§ **TASK INPUT**:
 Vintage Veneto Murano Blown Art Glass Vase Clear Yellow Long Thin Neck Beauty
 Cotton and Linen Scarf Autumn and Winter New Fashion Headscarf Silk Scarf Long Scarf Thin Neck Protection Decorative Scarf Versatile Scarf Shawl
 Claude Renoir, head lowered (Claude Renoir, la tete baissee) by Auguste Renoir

...

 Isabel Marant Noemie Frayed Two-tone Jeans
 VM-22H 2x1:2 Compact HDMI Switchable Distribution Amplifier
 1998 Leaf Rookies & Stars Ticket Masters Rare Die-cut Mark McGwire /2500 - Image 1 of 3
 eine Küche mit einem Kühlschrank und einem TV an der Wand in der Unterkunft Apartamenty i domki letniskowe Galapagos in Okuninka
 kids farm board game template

---

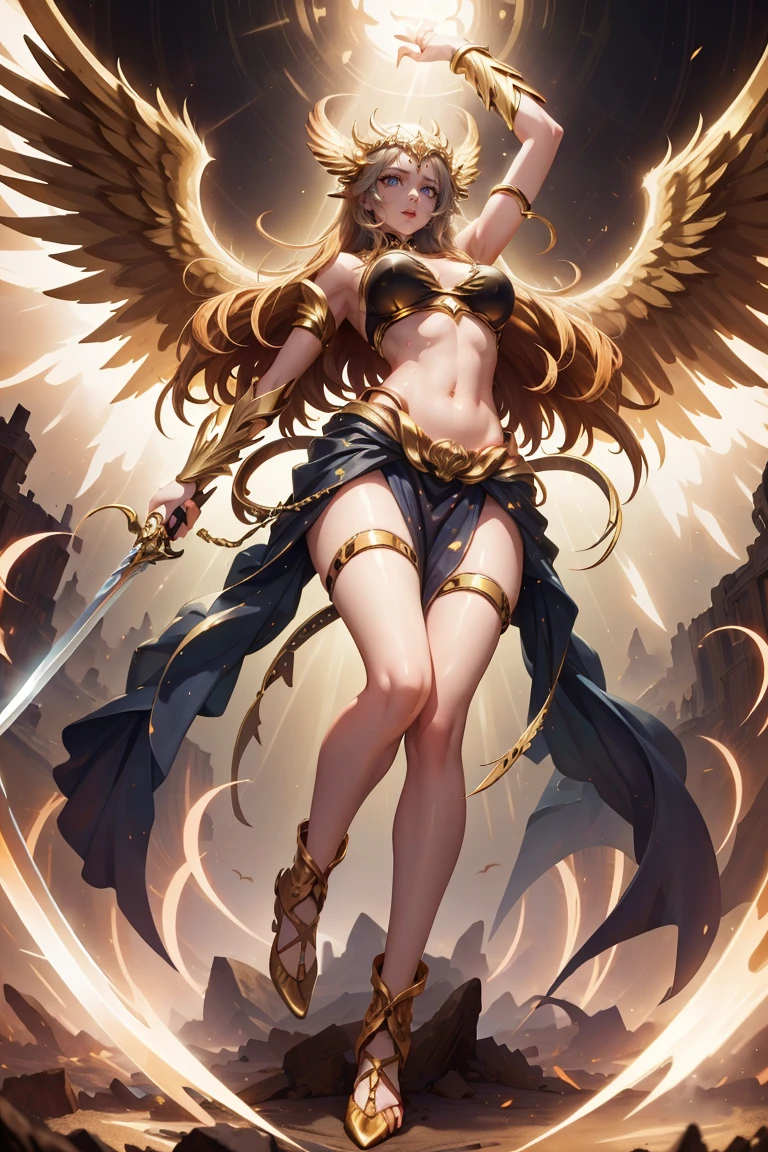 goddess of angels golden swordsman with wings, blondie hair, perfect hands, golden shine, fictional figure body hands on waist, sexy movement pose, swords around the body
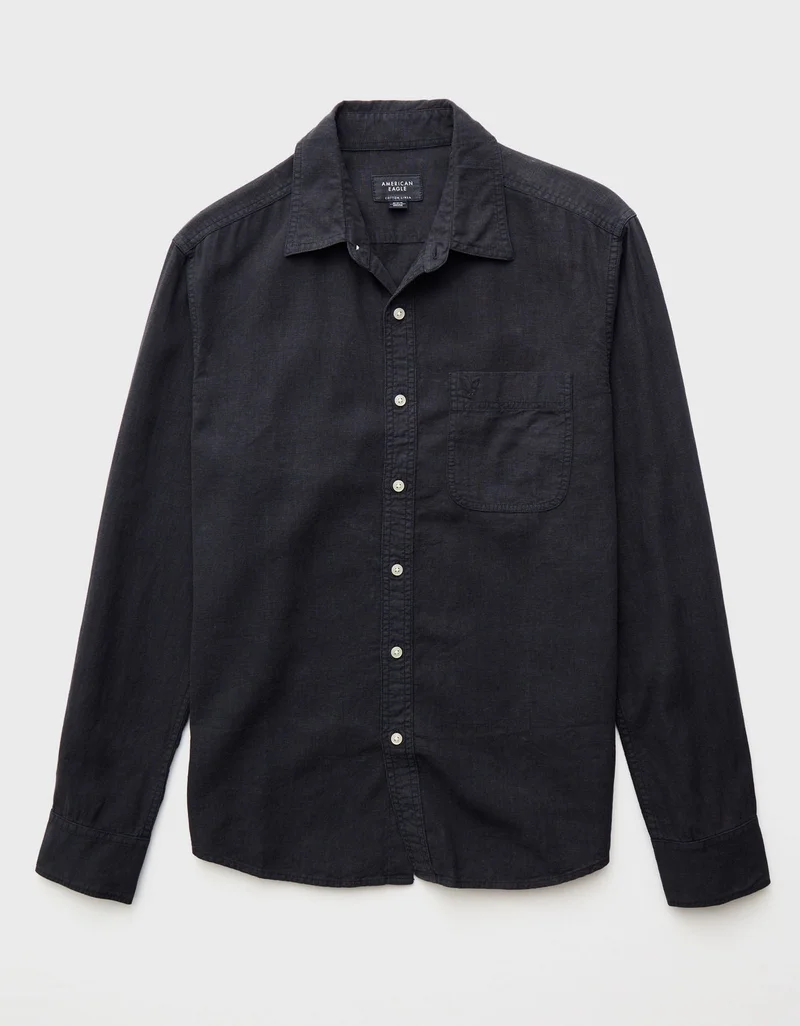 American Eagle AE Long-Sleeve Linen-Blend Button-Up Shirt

§ **INSTRUCTIONS FOR THE TASK**:
Beginning at the line with "Vintage Veneto Murano" and stopping after the line with "Claude Renoir, head", please write out every line of the data above exactly and nothing else.

§ **ANSWER TO THIS PROBLEM**:
 Vintage Veneto Murano Blown Art Glass Vase Clear Yellow Long Thin Neck Beauty
 Cotton and Linen Scarf Autumn and Winter New Fashion Headscarf Silk Scarf Long Scarf Thin Neck Protection Decorative Scarf Versatile Scarf Shawl
 Claude Renoir, head lowered (Claude Renoir, la tete baissee) by Auguste Renoir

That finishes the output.